“I unfriended my mom on Facebook,” said Gus. He sat down at the edge of a half pipe.
Chang popped his skateboard into his hand and sat beside him. “That’s harsh, man. Why?”
“Some of the pics on my page weren’t exactly mom approved.”
Chang nodded. A broad smile swept across his face. “Oh yeah, like Vegas.”
“I still don’t know how you got fifty pigeons into that cab,” said Chang.
“Lemme just say, the less you know, the better.”
“Do you remember the look on the cabbie’s face when he saw that eight foot statue of Venus De Milo standing on the hood of his car? Classic. How’d you not do time for that?”
“Let’s just say Vegas has a long memory. I can’t go back there ‘til I’m like, 80,” said Gus.

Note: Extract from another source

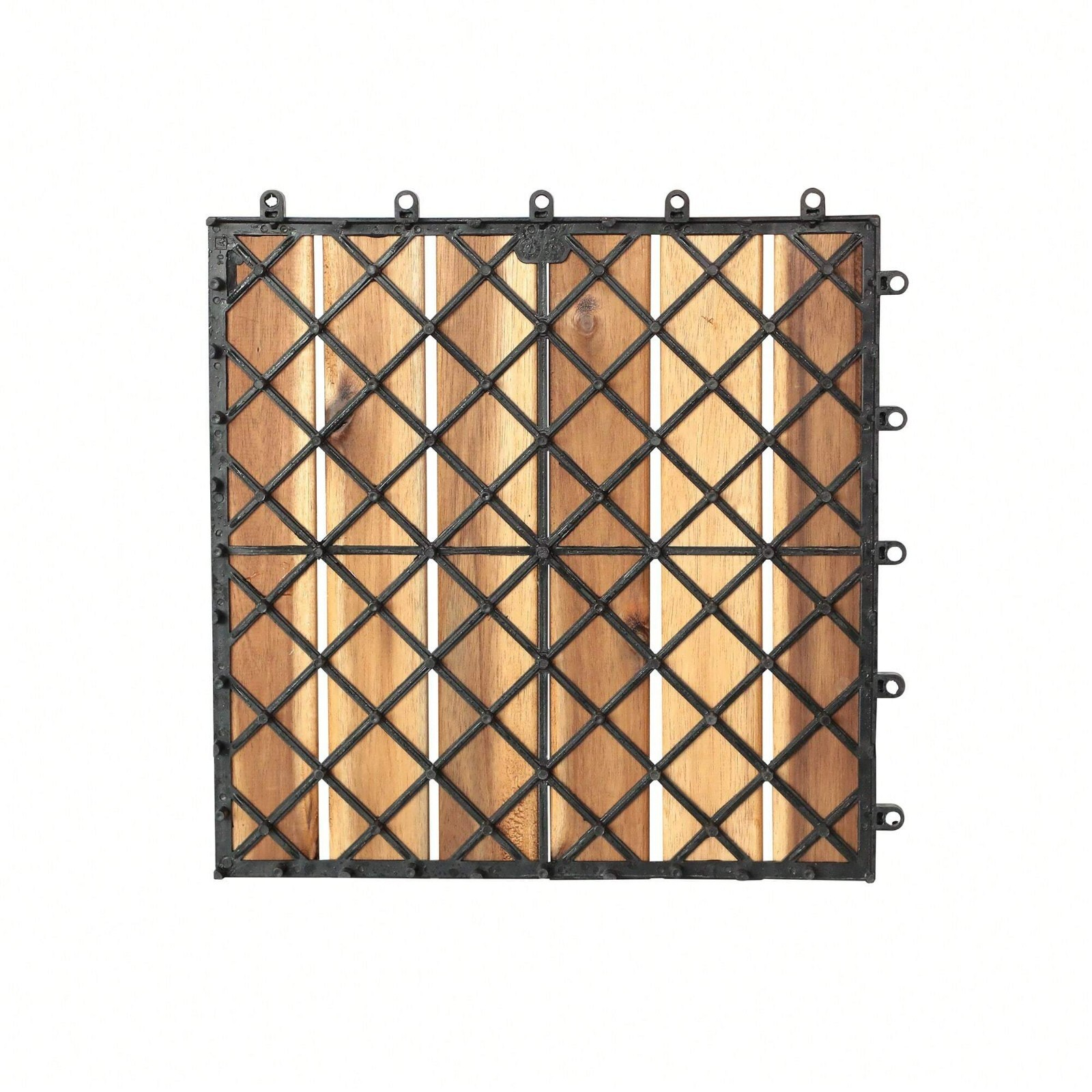 New 10Pcs Acacia Wood Interlocking Deck Tiles 12″x12″ Patio Flooring
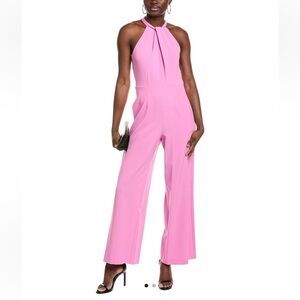 Julia Jordan Twist Front Sleeveless Wide Leg Pink Jumpsuit, Size 6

“Way harsh. Wait. You’re mom totally knows all about Vegas, right?”
“Oh, lemme guess. She didn’t know about the salamander incident.”
Gus pointed at Chang. “That was a medical emergency. And she wouldn’ta known about that if you hadn’t posted the video on Youtube. And Facebook. And Twitvid.”
“I got over 6 million views on Youtube alone. It’s both entertaining and educational. Three medical schools use it as a training video.”
“Yeah, well, I can’t go to Mercy General without everyone snickering at me,” said Gus.
“Wait a sec. You’re mom’s seen all that.”
“So have all her friends.”
“But have they seen the pictures of of the time you joined the ‘no pants’ subway ride?”
“The time you wore a duct tape diaper to work?”
Chang laughed. “Okay, that one was pretty dumb. I mean, you’re like, 46 years old.”
“My mom’s seen all that.”
“Then why’d you unfriend your mom on Facebook?” asked Chang.
“It’s the only thing she wanted me to do for Mother’s Day.”